By Charles Morgan III
I spent a week in New York City earlier this month, waiting for my daughter to have a baby. Leah and Matt had a beautiful baby boy named Oliver. It was all perfect.
My role in the process was to offer emotional support, and for the most part stay out of the way. So I did what I do best which is a sort of structured manner of wandering around.
Both my daughters, Leah and Jane, have lived in New York for years. Sometimes they humor me by exploring the city, them leading the way and me lumbering behind.
You can wander all you want in that city and never get bored. What is most remarkable about New York and is the most impressive aspect of an amazing city is the nature of how in the world it seems to work.
The population is 8.6 million people and they comprise every ethnic and religious group known to man, and I’m sure some groups that are unknown. In my experience everyone seems to get along, or at least they’re so busy they don’t have time to cause trouble.
The city is our country’s epicenter of the world of theater, art, music, literature, finance, food and more.
Every type of cuisine is offered in New York restaurants and grocery stores. There are restaurants that serve food from countries I’ve never even heard of. The availability of the food itself is remarkable. Hunts Point Market covers 60 acres and is the largest in the world. Meats, seafood, vegetables and fruit from around the world are sold 24 hours a day.
The infrastructure is aged, but everything seems to work. The traffic is primarily comprised of taxis and Uber type stuff. There are tremendously brave bicycle delivery guys. The subways are packed. Food deliveries to restaurants are made in the early morning. Pedestrians are everywhere.
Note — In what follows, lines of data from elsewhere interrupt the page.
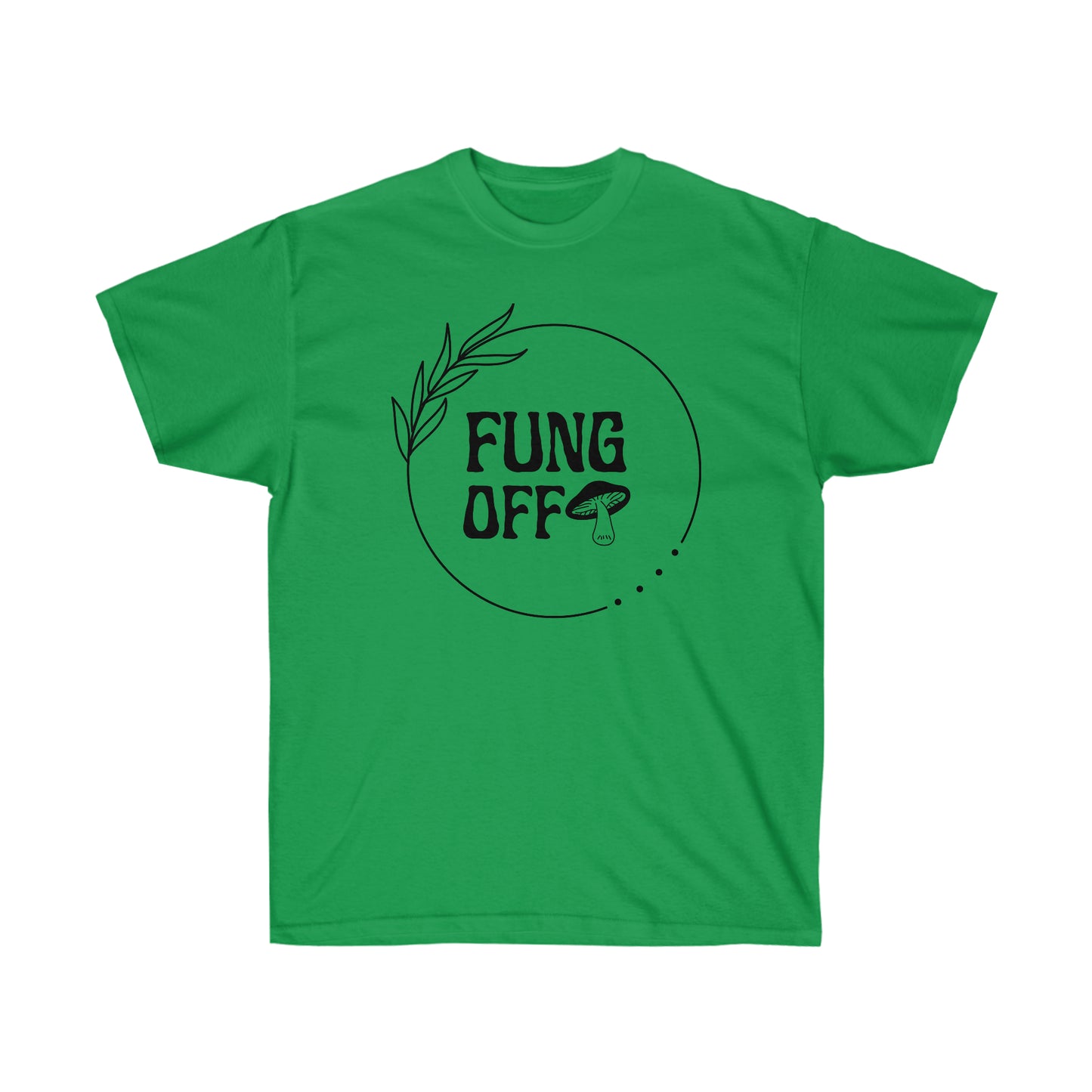 Fung Off Unisex Ultra Cotton Tee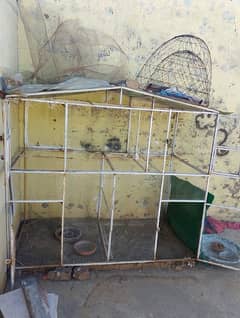 parrot cage for sael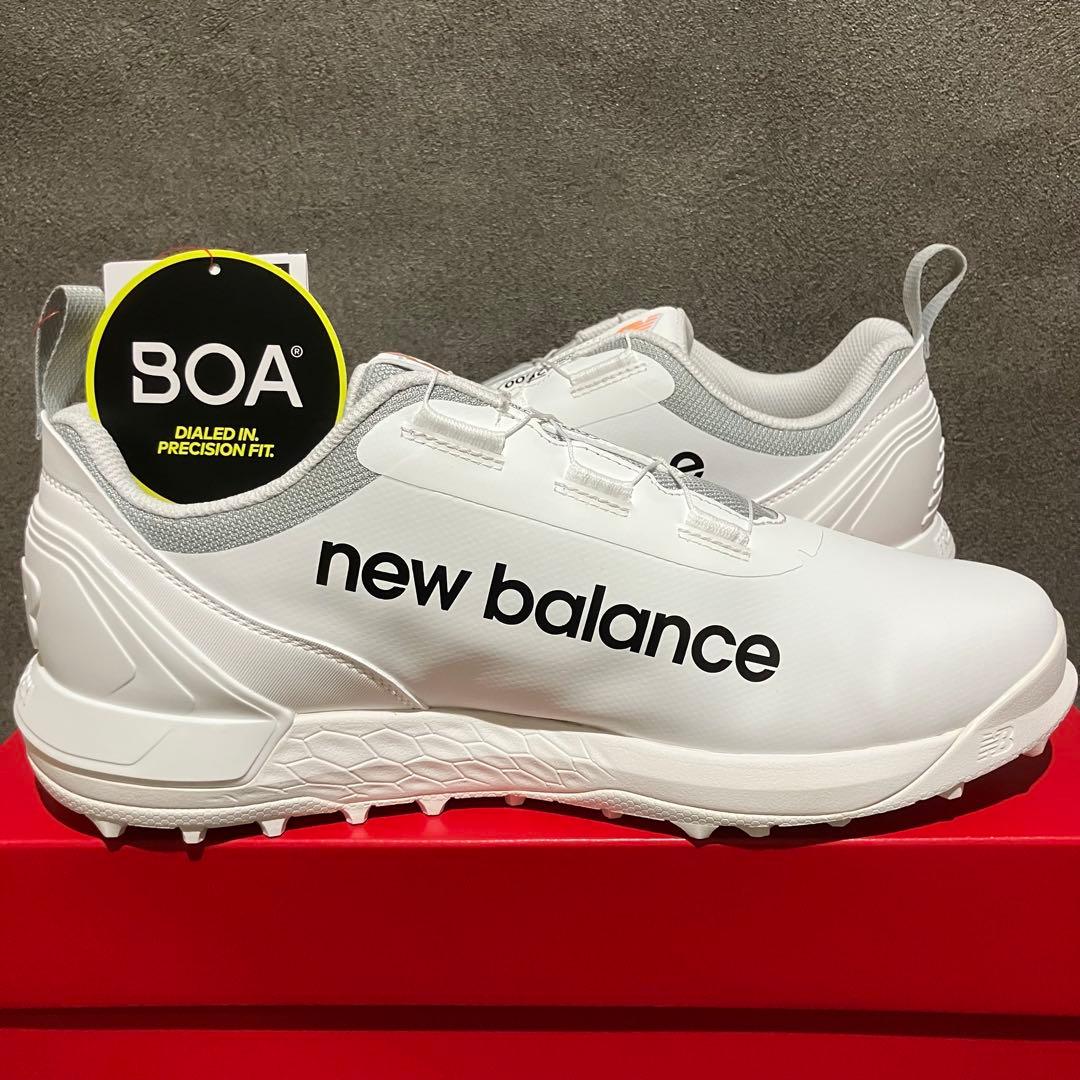 ⛳️【新品】ニューバランス new balance 27.0cm ゴルフシューズ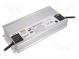 Napájecí zdroj  spínaný  LED  480W  68÷137VDC  1750÷3500mA  IP65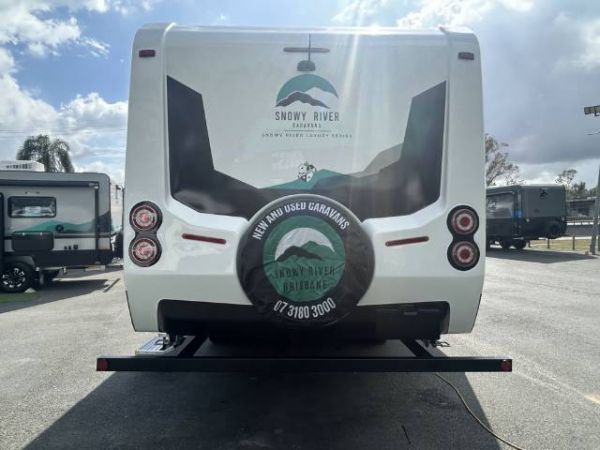 2025 Snowy River Srl216S Caravan SRL216S image
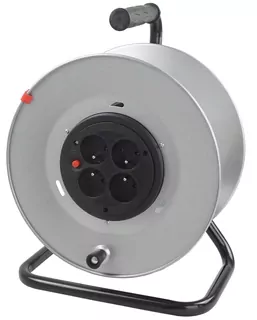Predlžovací kábel - METAL DRUM PRO PREDLŽOVACÍ KÁBEL 3 × 2.5 10-50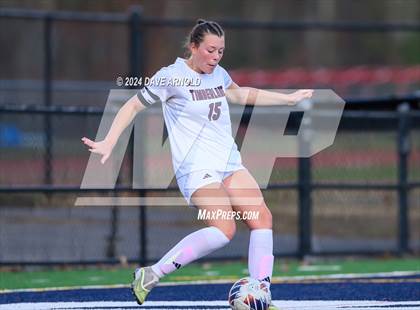 Thumbnail 1 in Exeter vs. Timberlane (NHIAA Division 1 Quarterfinal) photogallery.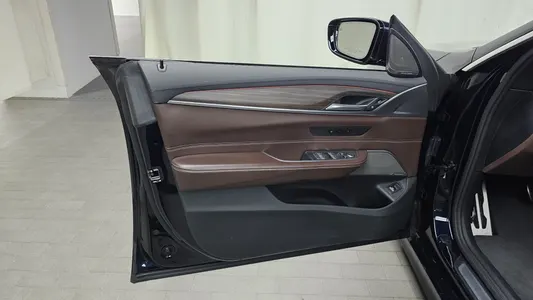 BMW 6 Series GT (G32) 620d M 2020 25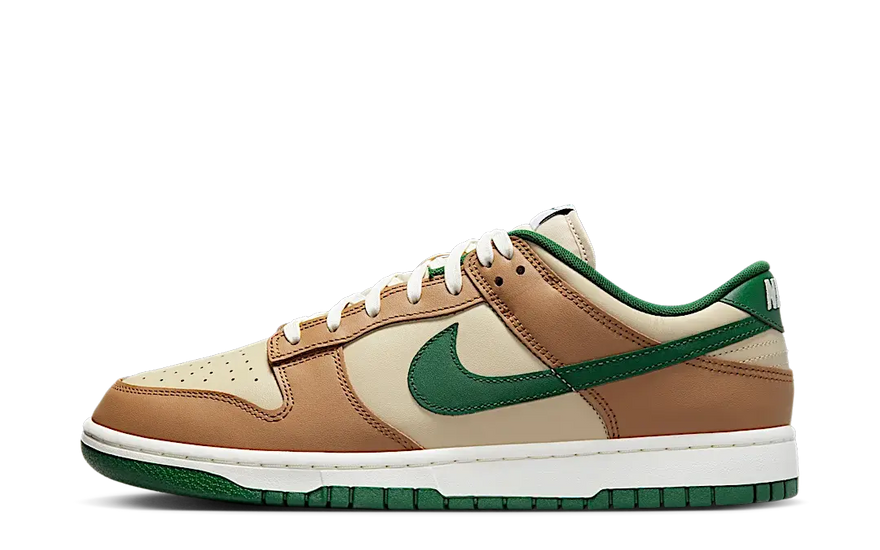 Nike Dunk Low Retro Rattan Gorge Green: il ritorno classico di cui hai bisogno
You hear about crime in New York. I’ve never seen any, and I’m always looking. You can smell marijuana on almost every block, but I don’t think that’s even illegal. I wouldn’t be surprised if more DUIs are issued in Okaloosa County than in all of New York City. People definitely drink there, but almost no one drives a car.
There are some homeless people and panhandlers, but I’ve seen more of that in college towns.
The people on the sidewalk might not be as outwardly friendly as people in the South, but it might be because they all seem really busy and in a hurry to get where they’re going.
There are lots of differences between New York and Destin, where I’ve lived most of my life. But there are some similarities. On a per capita basis, I’m afraid New York has us beat.
You hear about crime in the big city. We’ve got crime, too. All kinds. Read the papers.
The infrastructure in New York is aging and crumbling. We’ve got problems with our infrastructure, too. We have worse traffic even though we’re constantly reengineering our streets. How do you manage a sewer system for 8.6 million people? We can’t seem to handle sewage for 13,000. I can’t get a cell phone signal at my house.
They’ve got pedestrians and cyclists. You’ve got to be a lunatic to try either on our streets. Deaths per capita involving cyclists and walkers are ridiculously lower in New York.
They’ve got us beat on neighborhoods. We hardly have any true neighborhoods. There are about 100 in Manhattan alone.
They crush us when it comes to percentage of the population that is obese. They’re skinny up there. If you’re heavyset, good luck getting a seat in a restaurant.
We’ve got them beat on jet skis, pontoon boats, and t-shirt shops.
But enough about comparisons.
The people in New York that I care most about live in Greenwich Village, across from Washington Square Park on a tree-lined street. They live in a second floor apartment that might be 700 square feet.
I went up there to welcome a grandson. Oliver weighed in at 9 pounds, 13 ounces. Matt and Leah and Oliver are all perfect. As far as I’m concerned, as special as New York is, on December 15th it became even more wonderful.